この人については、文我も、「蓮盛死出魁 十八番」(芸能懇話21号)の「笑福亭の部」に、「紙くづより 初代鶴松」と記載しており、橋本礼一氏もこの説明の中で、この「上方はなし」の記事から、「元歌舞伎役者で嵐璃寿といい、後初代松鶴の弟子となり、鶴松を名乗った」と書かれています。
もう一つ、この鶴松が初代(二代目松鶴)か、この二代目鶴松なのか判断に苦しむ摺物があります。

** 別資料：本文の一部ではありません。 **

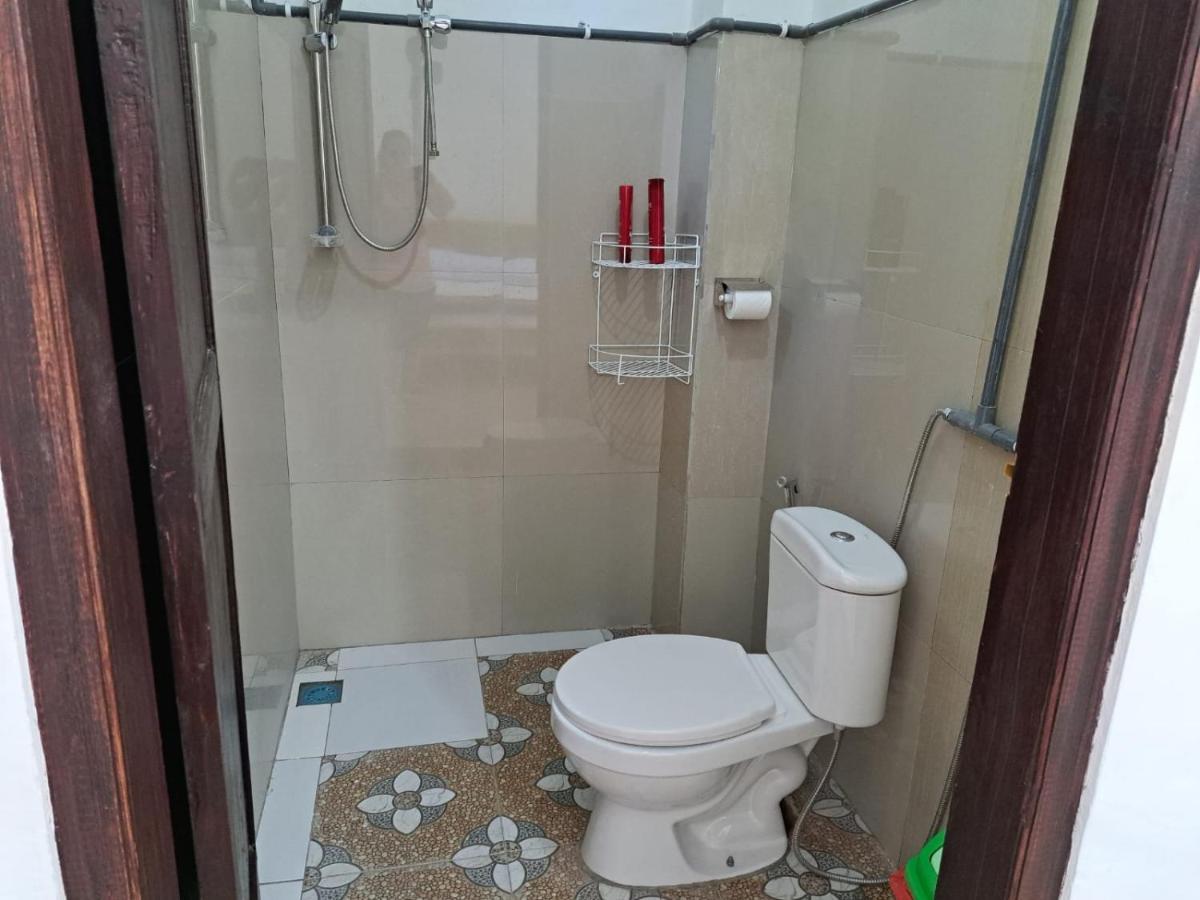 Riung Tiga Empat Tujuh Guesthouse Dış mekan fotoğraf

これは私の愛読書「上方落語流行唄の時代(和泉書院 荻田清著)の中で紹介されたもので、慶応三年秋の「おかげをどり」「ええじゃないか」の流行を詠んだものだそうです。私はこの手のものは勉強不足で詳しい事はこの本でしかわかりませんが、落語家で「丸家竹山人戯作」「笑福亭鶴松調」と書かれています。

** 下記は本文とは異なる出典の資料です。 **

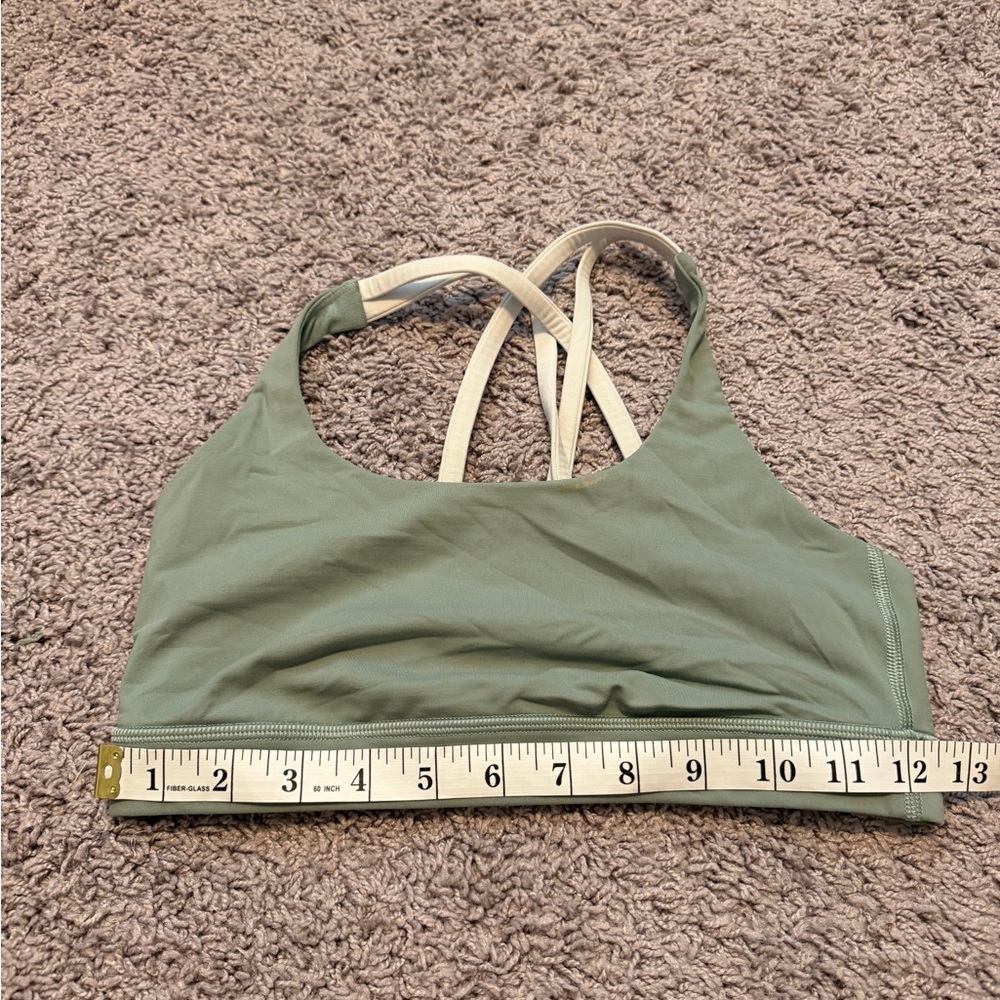 Lululemon women’s energy bra size 6 - Picture 3 of 5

竹山人は、曾呂利新左衛門の話(ブログ曾呂利新左衛門談話集参照)では、初代笑福亭吾竹の師匠と言われており、桂文左衛門も「楽屋そそり」(大阪朝日明治三十五年五月八日)でこの竹山人について述べています。当然、この慶応三年頃生存していたか不明ですが、鶴松がこの竹山人の戯作を詠んだという事でしょうか? 何れにしても、この摺物の発見は、鶴松という落語家の重要な手掛かりになったと思います。

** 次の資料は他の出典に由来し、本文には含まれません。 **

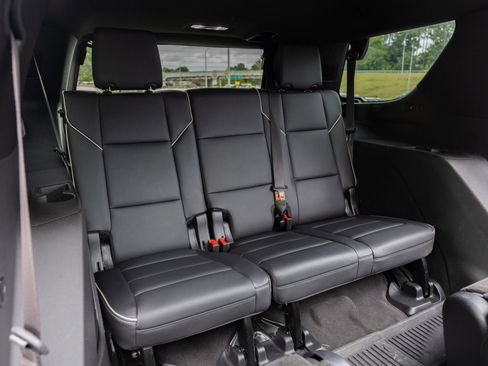Used 2023 Cadillac Escalade Premium Luxury image 32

次に三代目(落語系図は二代目)と思われる鶴松を紹介します。
この人は、「上方落語流行唄の時代」で、「鶴松襲名披露の摺物」が紹介され、はじめてその実在が証明されました。
この襲名は、明治十三年正月頃のようで、桂文里(後の二代目笑福亭木鶴)の倅で桂小文里と名乗っていましたが、正式に二代目松鶴の弟子となり、笑福亭鶴松と改名したようです。
只この人も、明治十三年一月の「楳の都陽気賑ひ」に「桂小文里」と記載され後、記録がまったくない為、明治十年代には、廃業したか、亡くなっているようです。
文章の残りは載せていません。